Although the evidence is not strong for use of X-rays for determining tube placement, it remains the gold standard while other methods are being investigated. The recommendation for the new protocol was that placement of feeding tubes must be verified by X-ray and no feeding would be administered until a verification order was written by a physician (Evidence Grading: III B).
Schmieding and Waldman (1997), in a study of registered nurses at 11 hospitals, found that most refer to an agency policy book for information regarding the management of enteral tube feedings and that those policies may have contained more ritualistic practices than EBP. Tube flushing practices varied to include the amount of flush and frequency of flushing (Reising & Neal, 2005). Most were reports on flushing enteral feeding tubes describing nursing practice and not research in frequency and volume of flushes.

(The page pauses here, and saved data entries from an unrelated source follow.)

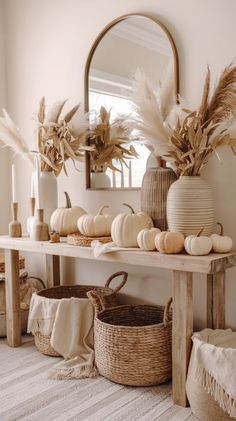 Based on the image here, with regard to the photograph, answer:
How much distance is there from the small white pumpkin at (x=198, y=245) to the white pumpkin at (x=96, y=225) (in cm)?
59

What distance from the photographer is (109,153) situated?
8.86ft

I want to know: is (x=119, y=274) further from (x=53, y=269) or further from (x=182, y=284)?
(x=182, y=284)

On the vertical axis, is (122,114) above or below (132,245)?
above

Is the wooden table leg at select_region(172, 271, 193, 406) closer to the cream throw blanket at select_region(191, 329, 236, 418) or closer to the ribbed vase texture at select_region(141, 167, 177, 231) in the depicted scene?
the cream throw blanket at select_region(191, 329, 236, 418)

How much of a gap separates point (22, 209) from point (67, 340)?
1.13 meters

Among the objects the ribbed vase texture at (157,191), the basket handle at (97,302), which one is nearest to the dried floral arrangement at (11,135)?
the ribbed vase texture at (157,191)

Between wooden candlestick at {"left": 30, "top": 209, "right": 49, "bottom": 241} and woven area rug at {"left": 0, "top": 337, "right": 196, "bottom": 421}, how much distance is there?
71cm

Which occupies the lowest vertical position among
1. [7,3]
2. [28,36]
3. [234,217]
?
[234,217]

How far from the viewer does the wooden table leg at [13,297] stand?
Answer: 2754 mm

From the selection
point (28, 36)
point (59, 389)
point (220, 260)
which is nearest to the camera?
point (220, 260)

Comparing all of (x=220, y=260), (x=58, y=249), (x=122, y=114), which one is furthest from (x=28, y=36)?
(x=220, y=260)

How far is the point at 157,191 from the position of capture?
230 centimetres

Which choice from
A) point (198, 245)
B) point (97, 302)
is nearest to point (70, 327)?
point (97, 302)

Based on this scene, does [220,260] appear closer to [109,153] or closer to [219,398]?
[219,398] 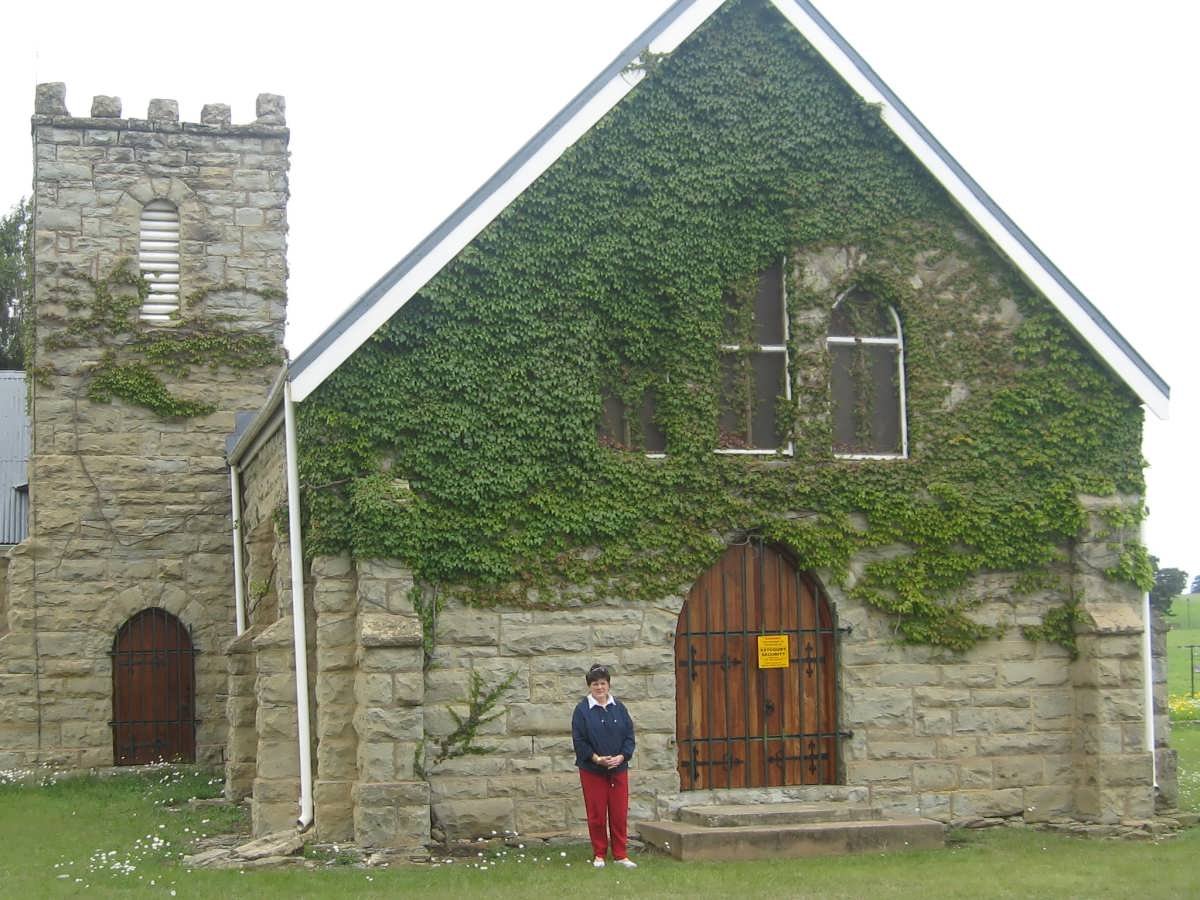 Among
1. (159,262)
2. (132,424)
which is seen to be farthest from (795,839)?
(159,262)

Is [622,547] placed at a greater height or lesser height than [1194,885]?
greater

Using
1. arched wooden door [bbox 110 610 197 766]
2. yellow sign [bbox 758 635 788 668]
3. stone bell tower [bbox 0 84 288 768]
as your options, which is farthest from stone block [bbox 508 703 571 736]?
arched wooden door [bbox 110 610 197 766]

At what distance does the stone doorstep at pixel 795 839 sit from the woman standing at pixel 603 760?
63 cm

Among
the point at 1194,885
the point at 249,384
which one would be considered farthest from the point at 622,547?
the point at 249,384

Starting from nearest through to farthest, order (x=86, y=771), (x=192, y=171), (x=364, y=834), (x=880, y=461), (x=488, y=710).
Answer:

The questionnaire of Schmieding et al. (1997) revealed that nurses used many methods for unclogging enteral feeding tubes. Substances such as coffee and meat tenderizer were used to unclog tubes (Schmieding et al., 1997) in descriptive studies, but their effectiveness is unproven and may be contraindicated (e.g., meat tenderizer may be high in sodium). Marcuard and Stegall (1990) found that the two most common causes of clogged tubes were protein formulas and instillation of crushed medication into the tube. They examined the use of pancreatic enzymes in unclogging tubes and found them to be effective in unclogging enteral feeding tubes 72% of the time, as opposed to using water which was successful only 27% of the time (n = 24 clogged tubes). They provided recommendations on the proper method of using pancreatic enzymes to unclog tubes. Sriram, Jayanthi, Lakshmi, and George (1997) found the use of a pancreatic enzyme-sodium bicarbonate suspension to be effective in preventing clogged tubes. Ensuring proper tube placement before using pancreatic enzymes is vital as they can lead to severe complications if instilled into the respiratory tract (Kohn & Keithley, 1989). Lower levels of evidence pointed to the use of water as the best method to unclog feeding tubes; juices and cola may cause precipitates and further clog tubes (Marcuard & Stegall, 1990).
Because use of pancreatic enzymes requires a physician's order and should be used judiciously, initial attempts at flushing should be with water only. Juice, soda, or meat tenderizer should not be used. For tenaciously clogged tubes, physicians should be contacted for orders for pancreatic enzymes (Evidence Grading: III B).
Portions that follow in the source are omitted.